■■■■■ 2011.4.14 ■■■■■

 原発危機は続く

 とんでもない首相である。
 こともあろうに、4月12日に原発に関して「一歩一歩安定化に向かっている」と発言したからである。

 与党は解散が怖い議員だらけで、首相の地位を脅かされる心配がほとんどない。従って、何を言ったところでかまわないという傲慢な態度そのものと言えよう。ただ、当然ながら、海外にもこの言葉は翻訳されて流れてしまう。日本の首相は、深刻な事故と認識していないとなるから、海外の首脳から批判を浴びたと思われる。
 それを受けて急遽、チェルノブイリ級との声明を発表するしかなくなったのだろうか。

 と言っても、マスコミが「一歩一歩安定化に向かっている」雰囲気を醸成したがっていたのだから、当然の結果と言えるかも。報道は海外モノを読まないと駄目である。
 原発の状況をどう読むかなど、自明。
 そもそも、公式な発表データを見るだけでも、安定というにはほど遠いことがわかる。危機的な状況に一歩一歩進んでいる状態ではないと言うだけのこと。大きな余震が頻繁に続いている状況だから、これが突如悪化しないとの保証はないのだ。

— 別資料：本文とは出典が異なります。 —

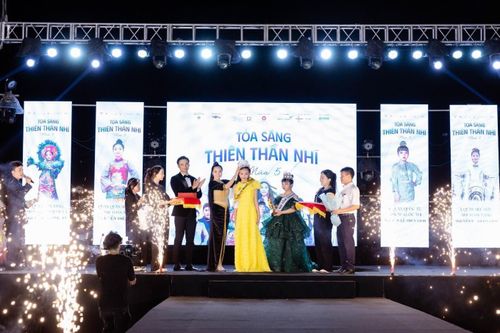 Học sinh giỏi Đà Nẵng giành giải cuộc thi 'Tỏa sáng thiên thần nhí' 2024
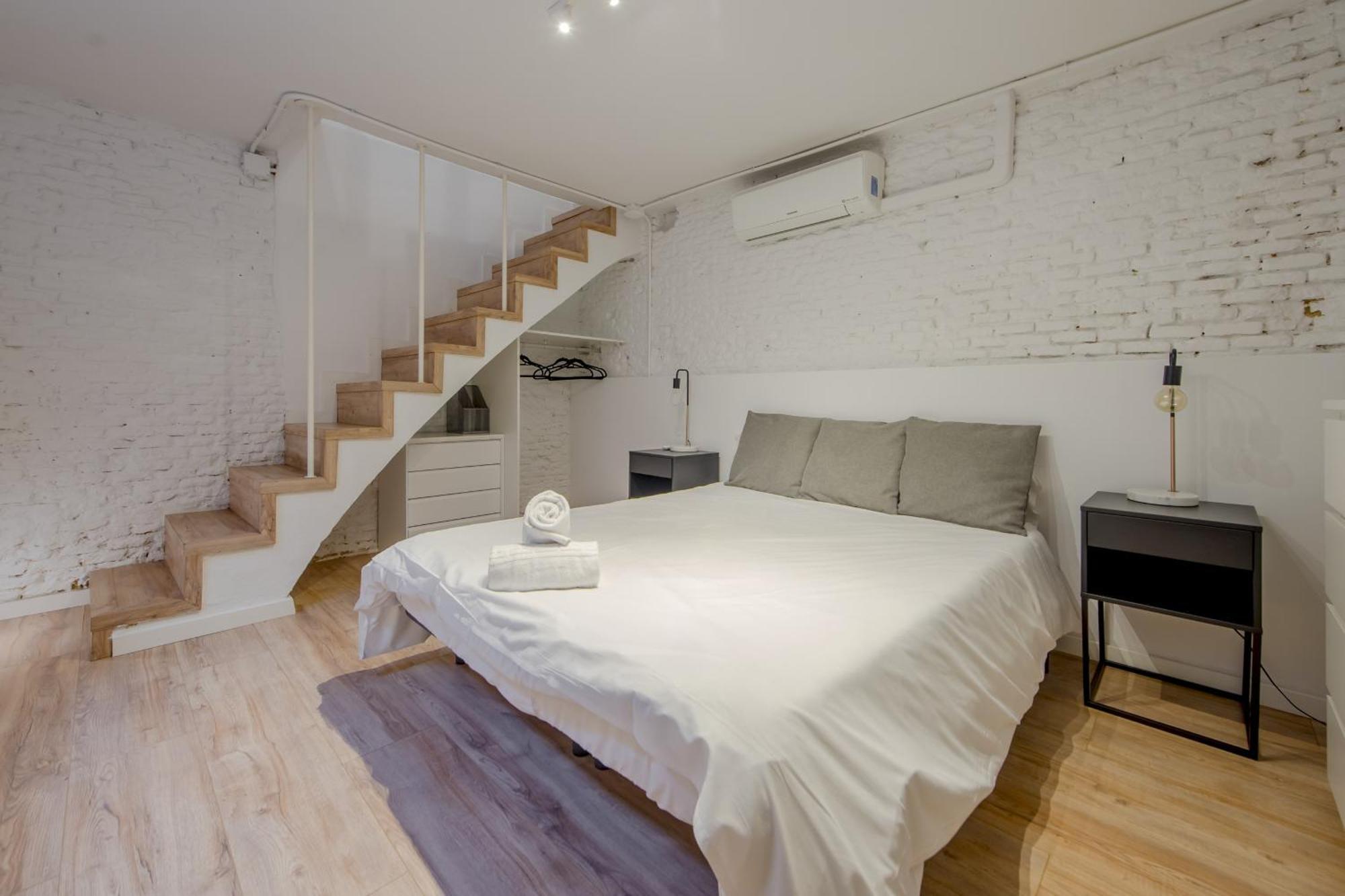 Modern Apt Para 7Pax En Chamberi-Ponzano Μαδρίτη Εξωτερικό φωτογραφία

 一応、原子力安全保安院発表の数字(リンク先はatmc.jp作成のグラフ)と、NHKニュースから「事実」だけご紹介してこう。
   ・福島原発 1号機
     -炉内圧力は未だに上昇基調である。「原子炉圧力」
     -格納容器放射線量は4月7日に突如激増、以後データ公開中止。「放射線量」
     -炉の給水ノズル温度は水の沸点(1気圧なら)を大幅に超えたまま。「原子炉温度」
     -窒素ガス充填による想定圧力変化(排気せずと見て)は見えず。「収納容器圧力」
     -"炉の表面温度が地震(4月7日夜)直後に40度近く上昇" NHKニュース 4月9日 4時38分
   ・福島原発 4号機
     -"使用済み燃料プールの水温が、およそ90度"。
     -"水面の上で、1時間当たり84ミリシーベルト"。NHKニュース 4月13日 19時40分

 要するに、膠着状態が続いているということ。放射性物質放出量は、爆発時の大量放出の影響が収まれば減少して当然。しかし、放射能物質はすでに剥き出状態だから、この先、気体や液体に混ざって"安定して"外部に放出され続ける。冷却水循環装置や、気体用フィルターが欠落しているのだから、これが収まることは考えにくい。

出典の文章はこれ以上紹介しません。